Un estudio sobre el uso de lo que se ha denominado lawfare, publicado por el Centro Estratégico Latinoamericano de Geopolítica (CELAG), rastrea cómo estas modificaciones de los aparatos jurídicos en América Latina se llevaron a cabo con el asesoramiento y la estrecha participación de ONG respaldadas por EEUU y organizaciones «para el desarrollo» como la Agencia de EEUU para el Desarrollo Internacional (USAID). Con el pretexto de atajar la corrupción política --presentada como explicación para los males y el atraso de la región--, las élites han sometido a una implacable persecución legal a los funcionarios gubernamentales inclinados a utilizar el poder del Estado para servir al público por encima del interés privado. Colombia, en particular, ha recibido esta «ayuda» para reformar su sistema judicial a instancias de organizaciones estadounidenses.

Ejemplos relativamente recientes de estos procesos judiciales, además de los mencionados en Brasil y Argentina, se han dirigido contra Rafael Correa y Jorge Glas en Ecuador y Bernardo Arévalo en Guatemala, entre otros. El actual intento de sabotear al presidente Petro en Colombia, en lo que él ha denominado un «golpe blando», es un caso clásico de este método de probada eficacia.

En Colombia, históricamente uno de los aliados más estrechos de EEUU en la región, las élites no son reacias a utilizar tácticas de terror, torturas, desapariciones y asesinatos para silenciar a los opositores y disidentes políticos. Sin embargo, su actual utilización de métodos más sutiles contra Petro y su administración es prudente. Pretenden evitar la agitación casi segura que desencadenaría un enfoque más típicamente violento contra el presidente. Los métodos más sanguinarios suelen reservarse (con excepciones, sobre todo teniendo en cuenta la larga historia colombiana de asesinatos de líderes políticos de izquierdas) para las masas sin nombre ni rostro de ciudadanos de a pie que, mediante la etiqueta de «anticorrupción», pueden perder la posibilidad de un futuro colectivo mejor.

El gobierno de Petro, al atreverse a aplicar las reformas radicales prometidas por su coalición durante su campaña electoral, ha inspirado la ira de un pequeño pero muy influyente sector de la sociedad colombiana que lucha con vehemencia contra cualquier amenaza a su dominio del poder.

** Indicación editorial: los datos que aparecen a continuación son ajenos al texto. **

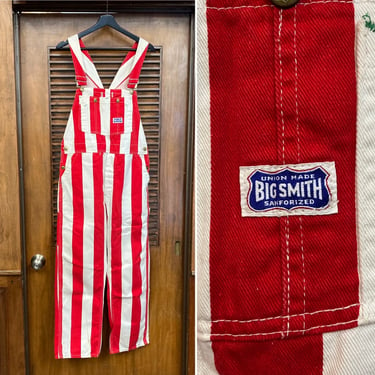 Vintage 1960’s w40 “Big Smith” Red x White Stripe Mod Denim Overalls, Pop Art, Jeans, 60’s Vintage Clothing 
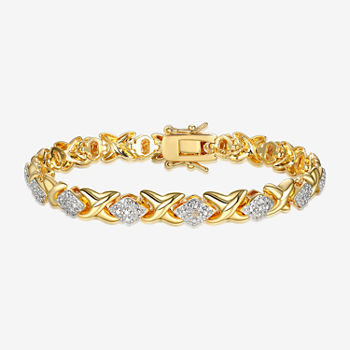 Sparkle Allure Diamond Accent 14K Gold Over Brass 7.25 Inch Oval Tennis Bracelet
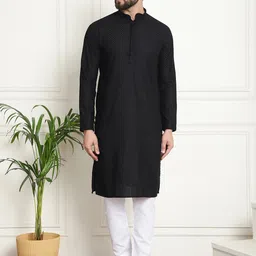SOJANYA Geometric Embroidered Mandarin Collar Thread Work Pure Cotton Kurta with Churidar-image-66
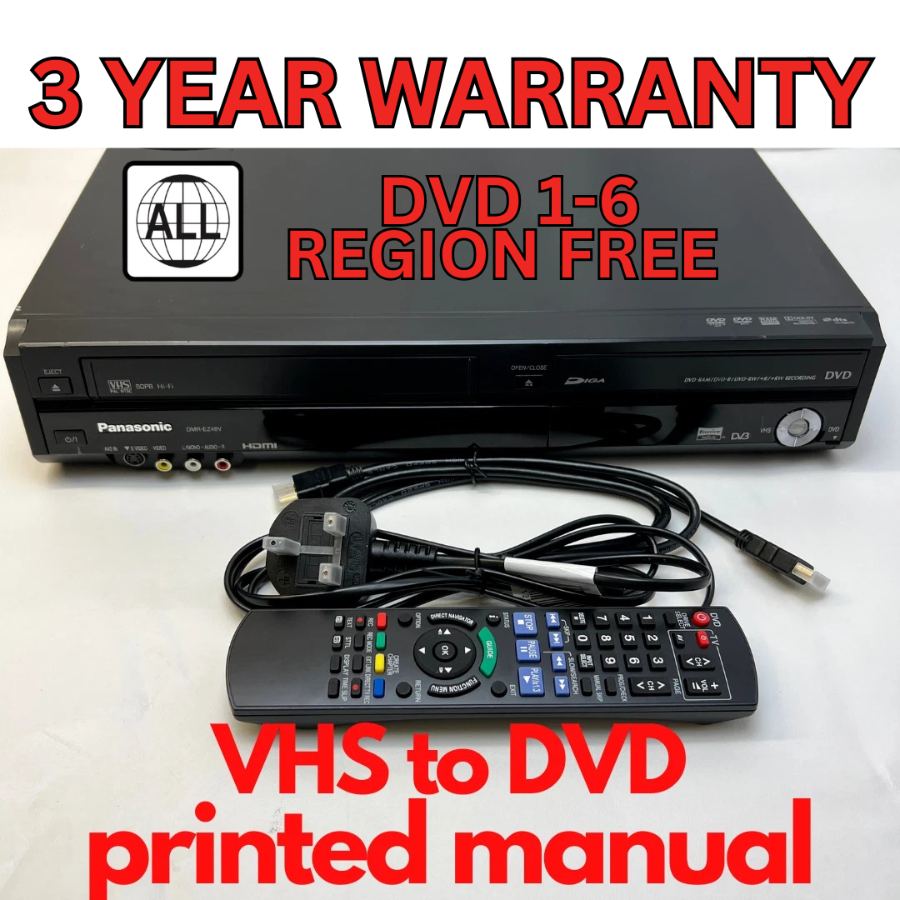 Panasonic DMR-EX98V DVD VHS Player 250gb HDD Combo Recorder HDMI VHS to DVD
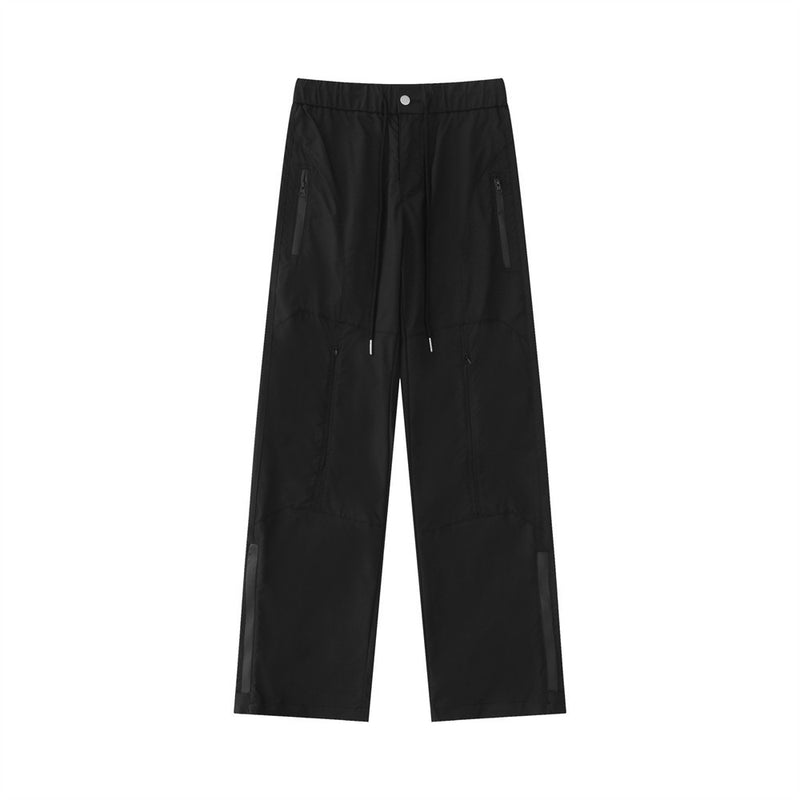 Men Sweatpants Tactical Pants Men's Waterproof Sport Climbing Straight-Leg Trousers Solid Color Zipper Patchwork Cargo Pants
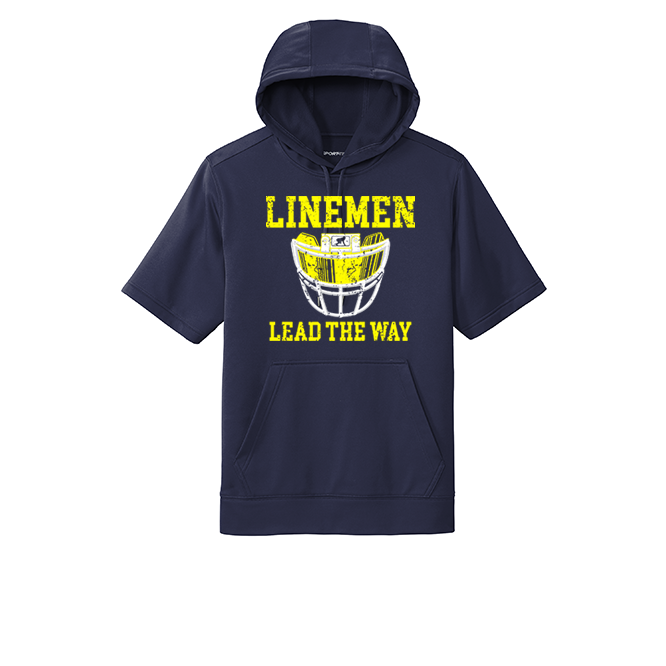LINEMEN LEAD THE WAY (A) (Black) - Short Sleeve Hoodie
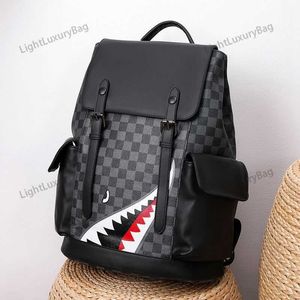 Neue karierte Umhängetasche Männer und Frauen Leder große Kapazität Trend Rucksack Reisetasche Student Schultasche Unisex Computertasche 230506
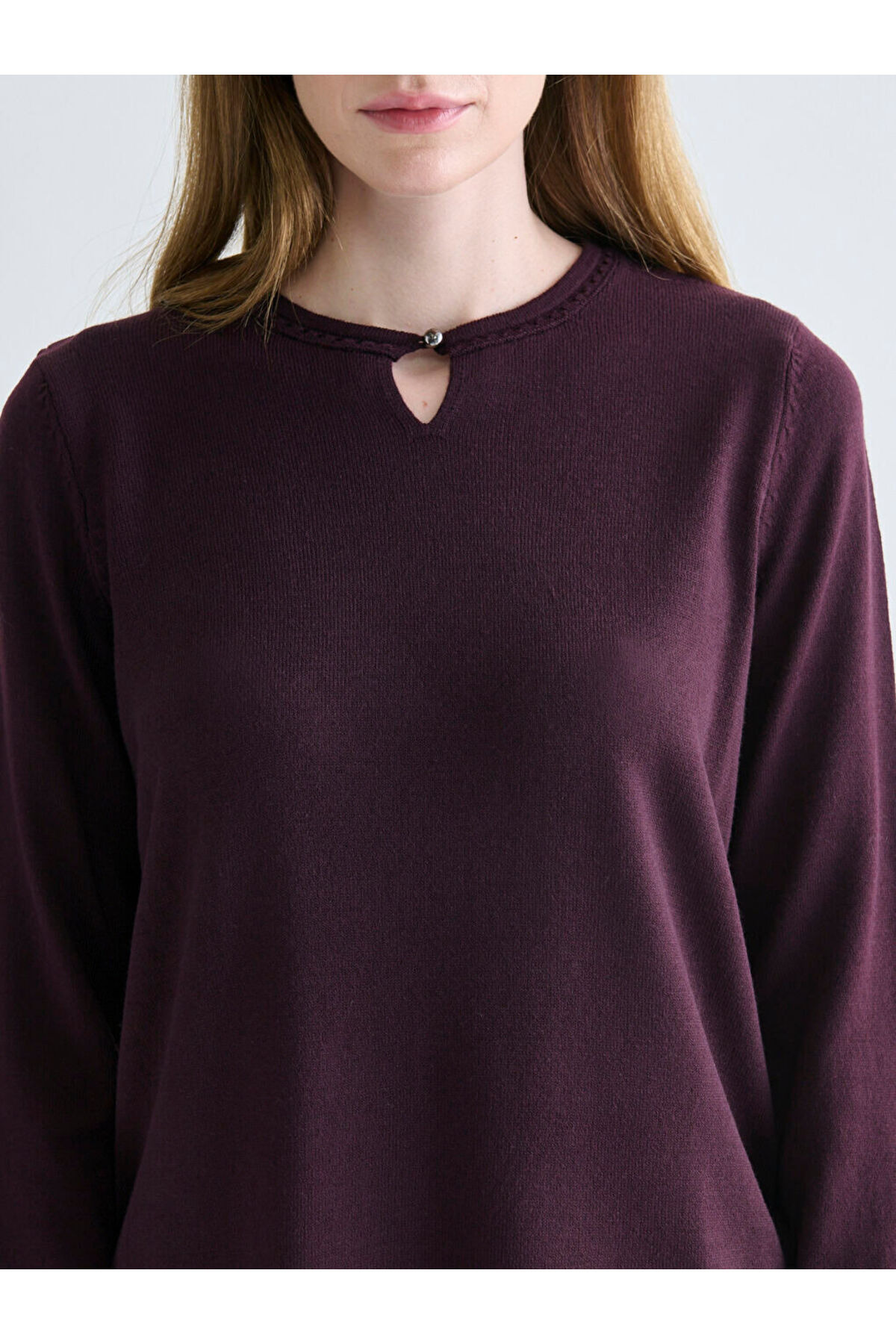 LC Waikiki Mürdüm Bisiklet Yaka Kadın Triko Kazak fotoğrafı 4 (önizleme)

Esta vez, las élites pretenden utilizar el sistema judicial para destituir al gobierno elegido democráticamente y restaurar su monopolio sobre el poder estatal, realineándolo una vez más con la forma particularmente violenta de neoliberalismo capitalista por la que se conoce a Colombia.

La larga lucha contra Petro

Como principal representante de la izquierda popular del país, el presidente Petro ha sido durante mucho tiempo objeto de agresiones legales. Estos esfuerzos comenzaron hace al menos una década, cuando la Procuraduría General de la Nación lideró un experimento similar para destituirlo como alcalde de Bogotá, en un intento de inhabilitarlo totalmente para la política durante quince años dirigido por otro notorio extremista de derechas, Alejandro Ordóñez. La trama de aquel periodo se centró en una acusación de irregularidades en los contratos de recogida de basura en la ciudad, posteriormente desestimada por los tribunales.

Ordóñez supervisó la suspensión de algunos de los senadores más progresistas del país mediante una serie de procesos judiciales infundados, que finalmente fueron todos desestimados. Aunque sus casos contra Petro y varios senadores no prosperaron, fueron perjudiciales. Entonces, como ahora, las acusaciones por sí solas ayudaron sin duda a formar e influir en la opinión pública sobre los políticos de izquierda, y los medios de comunicación del país, propiedad de las grandes empresas, hicieron su parte con entusiasmo.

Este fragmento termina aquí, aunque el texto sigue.